Le cygne à bec jaune ne se reproduisant pas, dit‑on, en semi‑liberté, on peut être assuré que les individus qui nous visitent pendant les grands frimas sont des migra­teurs sauvages. La plupart des exemplaires qui furent abattus en 1922 et 1929 apparte­naient à cette espèce généralement plus abondante que le cygne à bec tuberculé durant les hivers rigoureux.

 

LE CYGNE DE BEWICK

 

Le cygne de Bewick est beaucoup plus petit, il ne dépasse guère un mètre, bec non compris, et son poids n'excède pas cinq à six kilos. En dehors de sa taille moin­dre, il se distingue du précédent par sa tête moins plate, par un aspect court et ramassé qui la rapproche des oies et par son bec plus renflé dont la partie basilaire jaune se trouve réduite, la couleur noire englobant largement les narines. Son habitat chevau­che celui du cygne chanteur, mais il est encore plus septentrional. Il niche en Nouvelle Zembie et sur les iles asiatiques de l'océan glacial Arctique. Par contre, il hivernerait moins au Sud que ses congénères et il ne paraît pas signalé sur les côtes africaines.

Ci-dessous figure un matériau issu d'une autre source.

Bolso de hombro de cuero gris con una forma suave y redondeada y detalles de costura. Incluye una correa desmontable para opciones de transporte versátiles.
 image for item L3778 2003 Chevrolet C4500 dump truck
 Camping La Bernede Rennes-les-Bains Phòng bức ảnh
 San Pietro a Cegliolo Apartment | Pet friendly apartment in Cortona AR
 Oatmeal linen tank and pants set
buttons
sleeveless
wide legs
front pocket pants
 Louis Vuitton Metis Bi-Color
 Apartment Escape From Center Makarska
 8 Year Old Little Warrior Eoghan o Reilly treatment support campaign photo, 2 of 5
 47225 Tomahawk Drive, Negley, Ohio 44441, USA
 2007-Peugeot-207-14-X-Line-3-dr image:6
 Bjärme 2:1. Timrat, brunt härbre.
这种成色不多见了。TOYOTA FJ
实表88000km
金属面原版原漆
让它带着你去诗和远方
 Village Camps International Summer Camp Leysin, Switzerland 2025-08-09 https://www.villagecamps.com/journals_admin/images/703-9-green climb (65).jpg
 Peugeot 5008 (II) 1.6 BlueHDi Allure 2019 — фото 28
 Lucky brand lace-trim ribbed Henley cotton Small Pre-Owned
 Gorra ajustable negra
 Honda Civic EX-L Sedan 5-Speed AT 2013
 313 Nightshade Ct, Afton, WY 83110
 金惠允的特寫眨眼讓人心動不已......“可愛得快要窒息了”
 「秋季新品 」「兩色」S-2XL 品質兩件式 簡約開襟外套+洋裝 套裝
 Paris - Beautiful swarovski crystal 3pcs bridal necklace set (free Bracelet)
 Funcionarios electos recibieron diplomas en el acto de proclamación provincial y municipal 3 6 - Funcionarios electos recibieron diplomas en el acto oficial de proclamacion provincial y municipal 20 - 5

Quoiqu'il ne soit pas rare en Finlande, en Scandinavie, au Danemark, en Ecosse, en Irlande, etc., il ne descend pas souvent jus­qu'en France.

En résumé, si le hasard vous met un jour en présence de cygnes à bec jaune et noir non caronculé, qu'ils soient cygnes chan­teurs ou de Bewick, vous vous trouverez en face de volatiles sauvages.

Si vous rencontrez l'espèce a bec caron­culé, vous aurez affaire soit à des migra­teurs sauvages, ce qui est exceptionnel, soit à des oiseaux ayant déserté les étangs, les rivières ou lacs à cause des frimas et où ils vivaient à l'état libre ou semi‑domesti­que. En février 1929, quand bon nombre de cygnes, en majorité des cygnes chanteurs, furent tués sur notre territoire, il fut vite question de les protéger. C'est maintenant le cas et c'est très bien ainsi.